Assigned task:
Return the lines of the data below starting at the one holding "Op-Art Etterem Es" and ending at the one holding "Crollo del turismo", word for word, leaving every picture out.

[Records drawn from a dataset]
----------
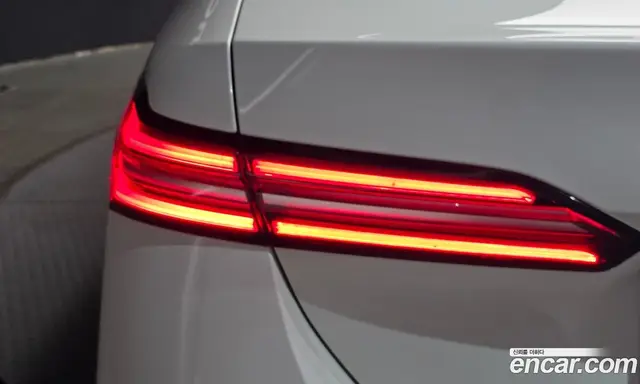 BMW 5 серия 2025 2.0 автомат (гидро), миниатюра 9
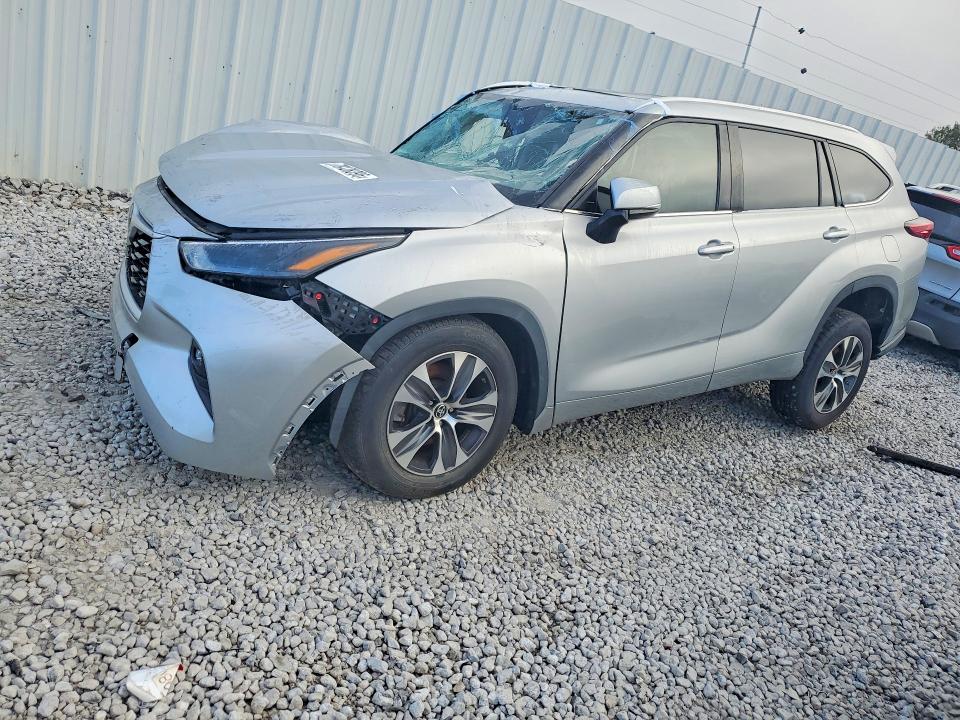 TOYOTA HIGHLANDER 2022 с VIN 5TDGZRAH1NS539907 - Снимка от търг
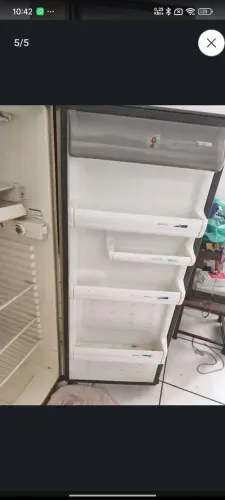 Geladeira gelando muito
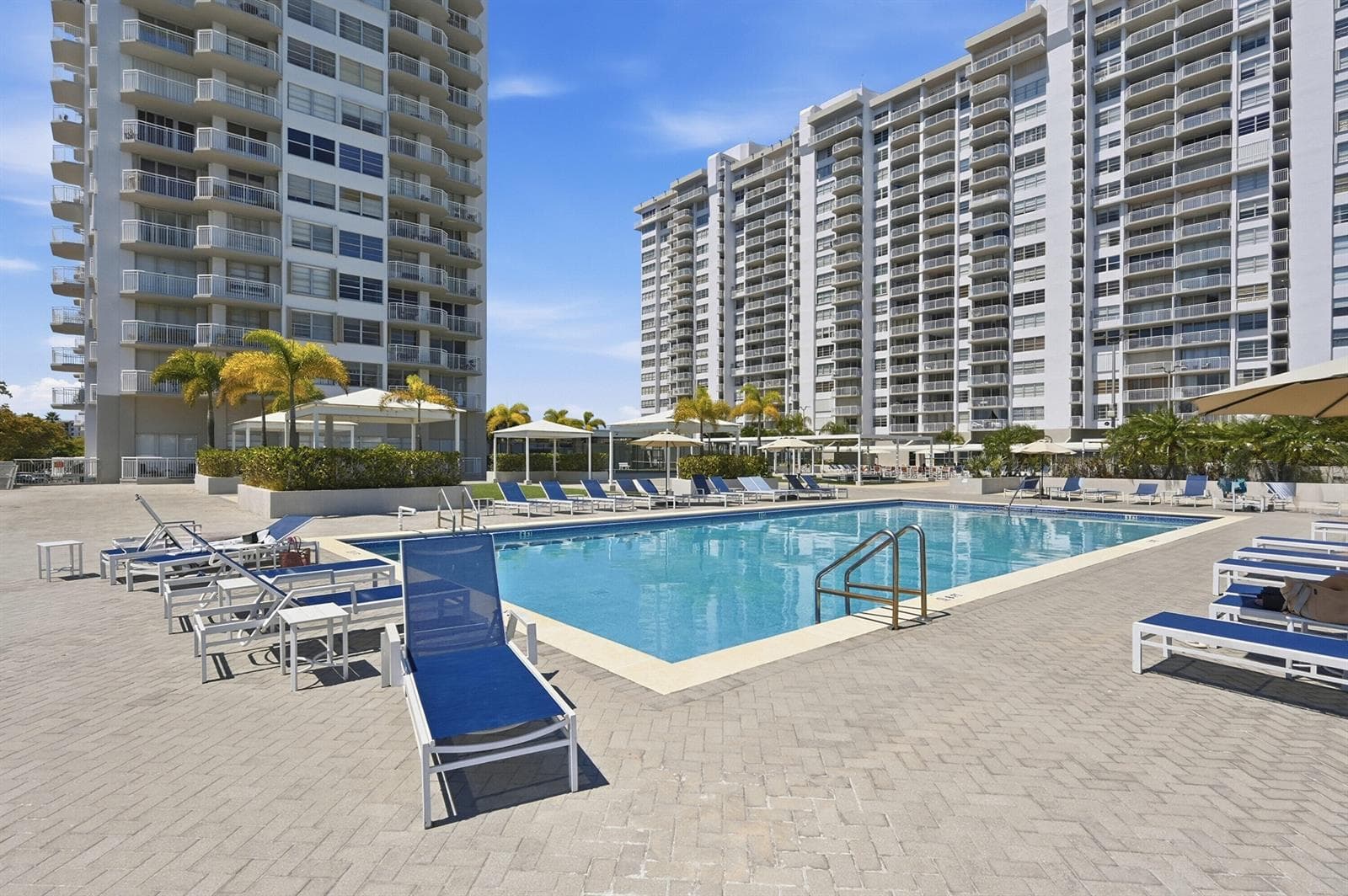 18011 Biscayne Boulevard # 1502, Aventura FL 33160 — 21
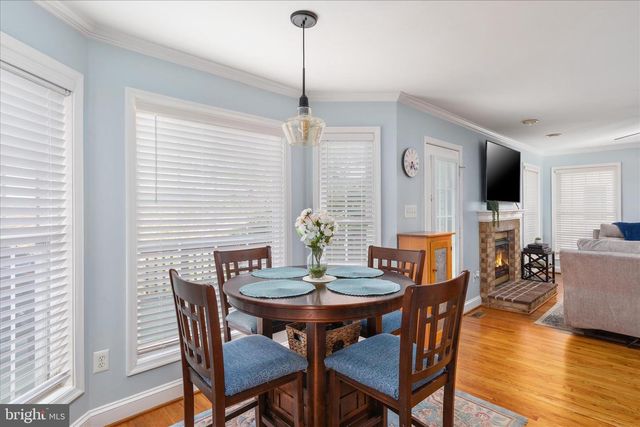 1132 HAPPY RIDGE DR, Front Royal, VA 22630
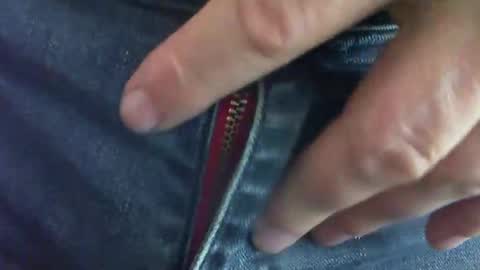 Snapshot of comox1961 chatting on December 4, 8:45 am comox online show from December 4, 8:45 am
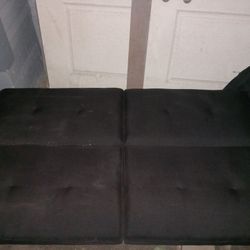 Black Futon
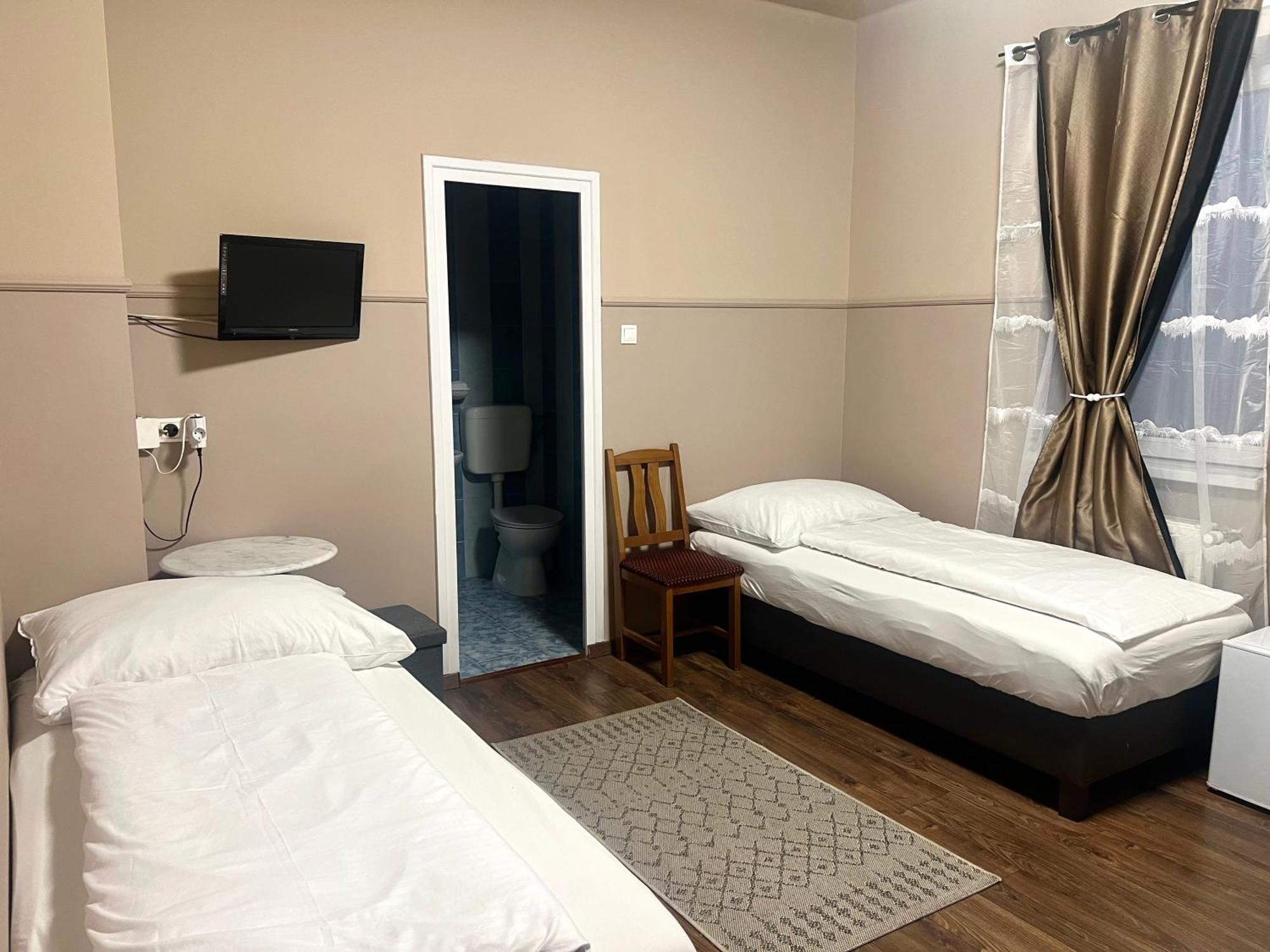 Op-Art Etterem Es Panzio Hotel Monor Luaran gambar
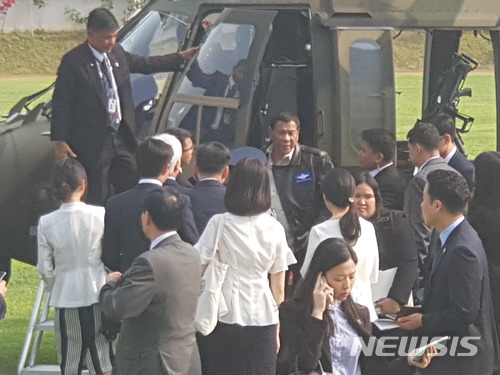 【서울=뉴시스】김성진 기자 = 로드리고 두테르테 필리핀 대통령(가운데 항공재킷 착용)이 5일 국방부 청사 연병장에서 수리온 헬기 조정석에 탑승해 직접 설명을 들은 후 내리고 있다. 2018.06.05ksj87@newsis.com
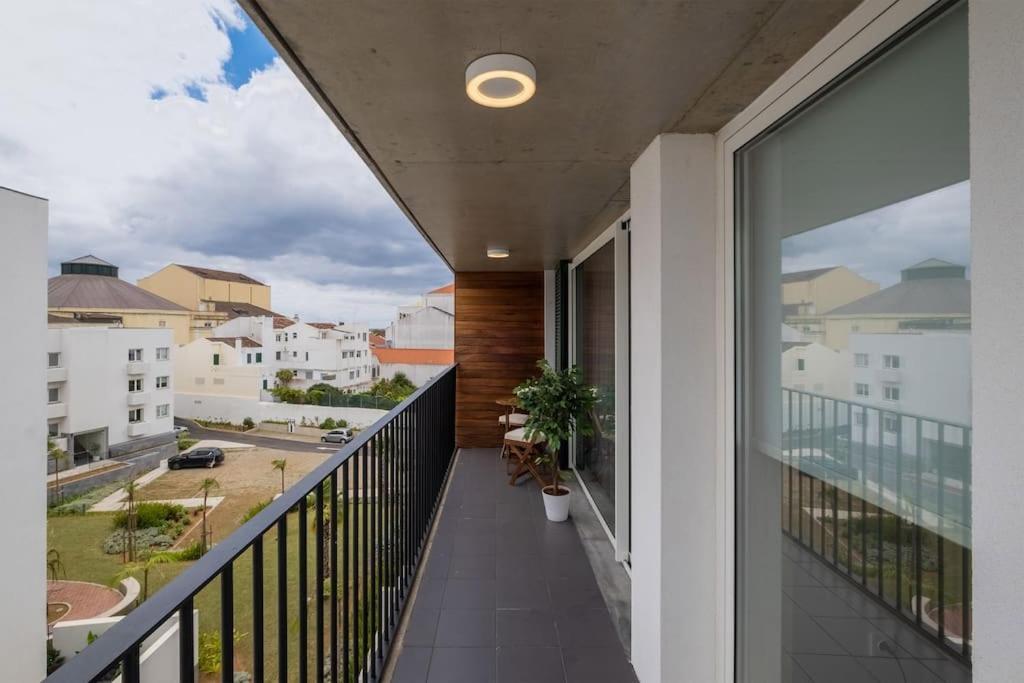 Ponta Delgada Island Retreat Apt מראה חיצוני תמונה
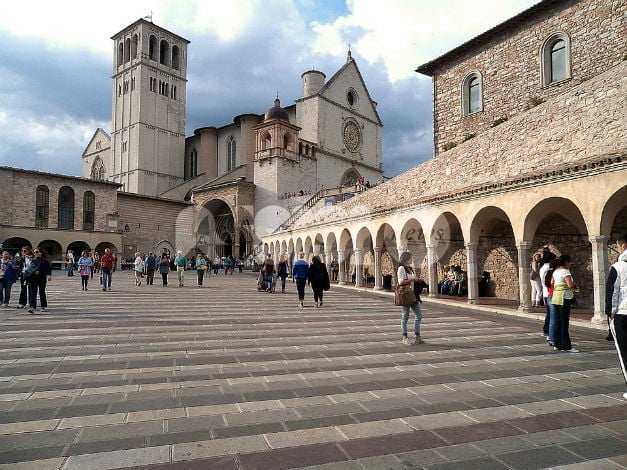 Crollo del turismo ad Assisi: lavorano meno parcheggi, musei (e lavanderie)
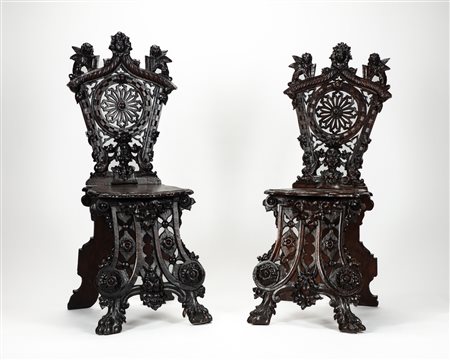 Coppia di sgabelli di forma mossa in legno  intagliato. Veneto, fine sec XIX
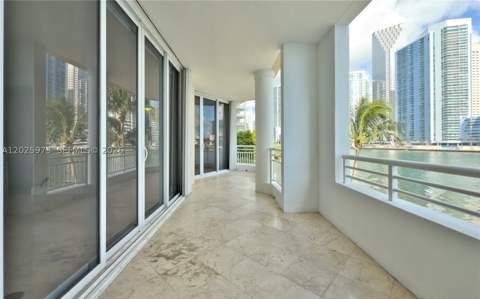 848 Brickell Key Dr 306, Miami FL - photo 9 of 66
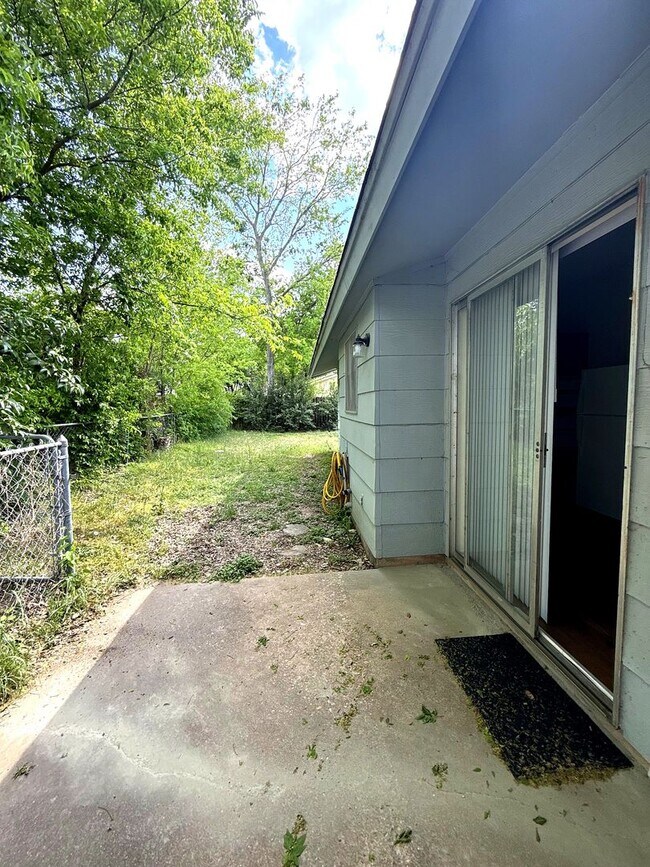 Building Photo - 603 Flournoy Dr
----------
Answer to this task:
 Op-Art Etterem Es Panzio Hotel Monor Luaran gambar
 【서울=뉴시스】김성진 기자 = 로드리고 두테르테 필리핀 대통령(가운데 항공재킷 착용)이 5일 국방부 청사 연병장에서 수리온 헬기 조정석에 탑승해 직접 설명을 들은 후 내리고 있다. 2018.06.05ksj87@newsis.com
 Ponta Delgada Island Retreat Apt מראה חיצוני תמונה
 Crollo del turismo ad Assisi: lavorano meno parcheggi, musei (e lavanderie)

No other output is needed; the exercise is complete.